The house was owned by Dr. Alban Goldsmith, who studied medicine with Ephraim McDowell. When McDowell performed the first ovariotomy, Goldsmith acted as his assistant. Goldsmith would later help found the Louisville Medical Institute. In 1827, Goldsmith sold the house to Jefferson Polk, then a newspaper publisher, but later a doctor who practiced briefly in Danville before moving to Perryville, Kentucky.

The Alban Goldsmith House contains the Constitution Square Museum Store and the Heart of Danville, a local economic development organization.

==Events==
In April 1987, Danville's local newspaper, the Danville Advocate-Messenger, sponsored the first Rally on the Square, a political rally where candidates for statewide office can make speeches and meet area voters. Since then, the rally has been held every four years in April, in advance of the statewide primary elections in May. The first Rally on the Square featured a brass band from nearby Centre College, which inspired the city to hold the first Great American Brass Band Festival in 1990. The festival has been held annually in June ever since. Constitution Square is one of the locales used for outdoor performances during the festival.

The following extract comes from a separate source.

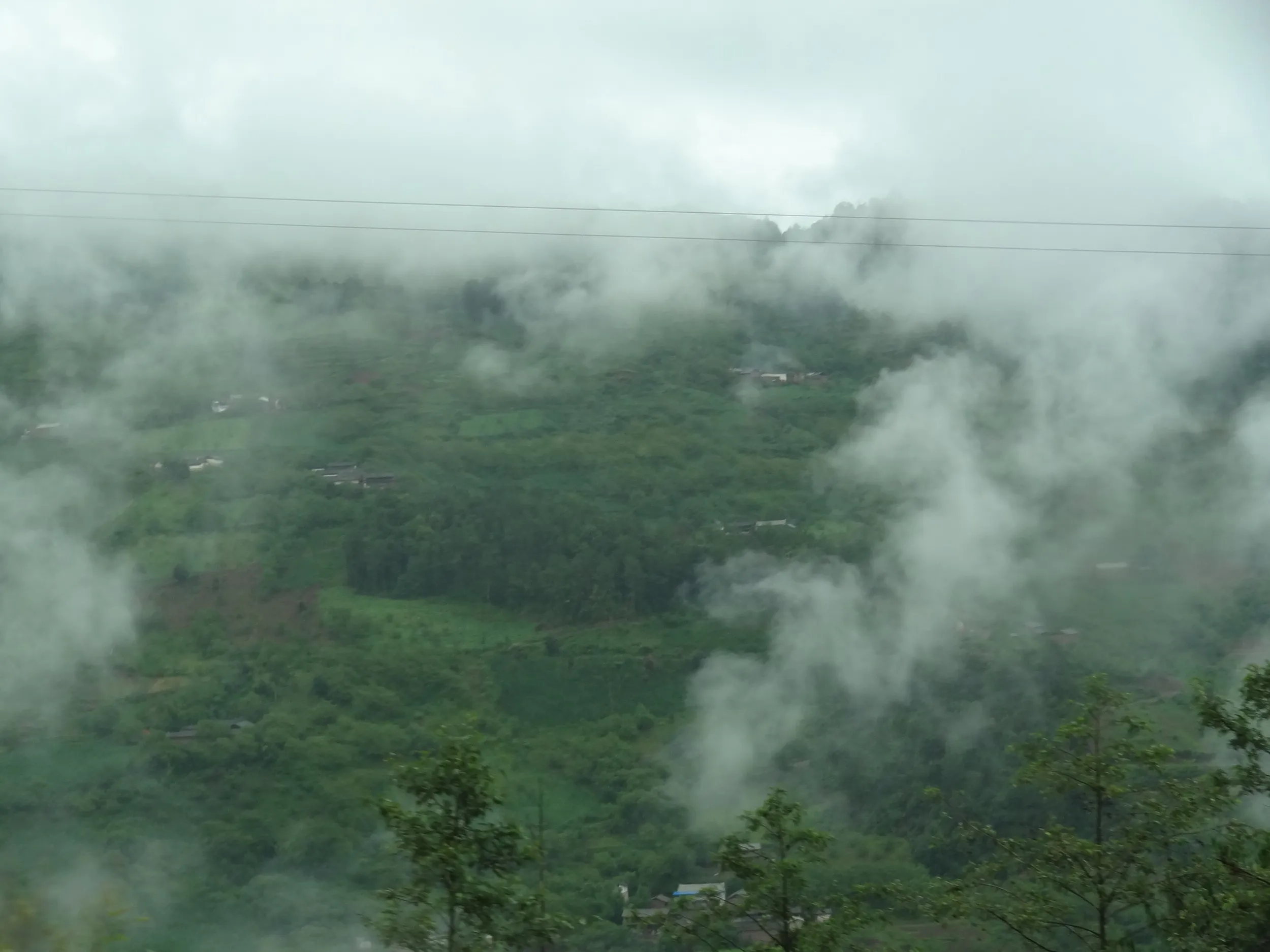 山から沸き上がる雲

The first Constitution Square Festival was held at Constitution Square State Historic Site in 1979. The event was held annually on the third weekend in September and featured historical reenactments, crafts, food, and music. In February 2009, the Kentucky Department of Parks announced that the festival would be suspended due to budget cuts prompted by the economic recession. Shortly after the announcement, three community organizations - the Heart of Danville, the Danville-Boyle County Convention and Visitors Bureau, and the Community Arts Center - volunteered to coordinate the festival without state funds. These groups gave the festival a more arts-centric focus and renamed it the Constitution Square Arts Festival. The event continued until 2011, but was suspended in 2012.

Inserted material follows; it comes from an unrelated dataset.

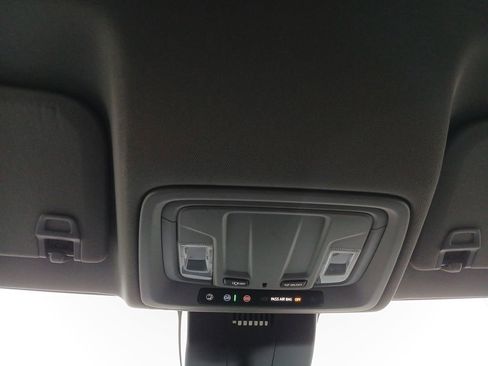 Used 2022 Chevrolet Silverado 1500 Custom image 14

Constitution Square has hosted an annual charity run every year since 1978. After the opening of Danville's Community Arts Center in 2004, Ernst Crown-Weber, a local businessman, renamed the event Constitution Square 5K Run for the Arts and began organizing it as a way to raise money for the center. A local artist, Alison Craig, designs original awards to be presented to the winners.

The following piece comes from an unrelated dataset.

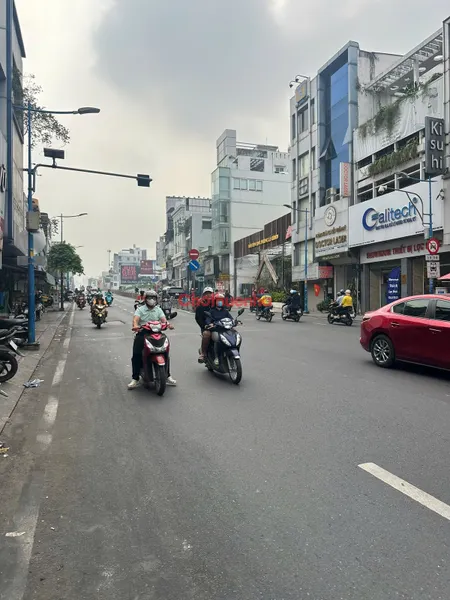 Cho thuê nhà mặt tiên Phan Đình Phùng - Phú Nhuận - 3 lầu - sầm uất ngày đêm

In November 2011, the first Kentucky State Barbecue Festival was held in Constitution Square. The event, conceived just ten weeks prior by a local couple, proved very popular, and the following year the festival was moved to the September weekend previously reserved for the suspended Constitution Square Arts Festival. The Southeast Tourism Society named the festival one of its Top 20 Events in the Southeast for September 2013.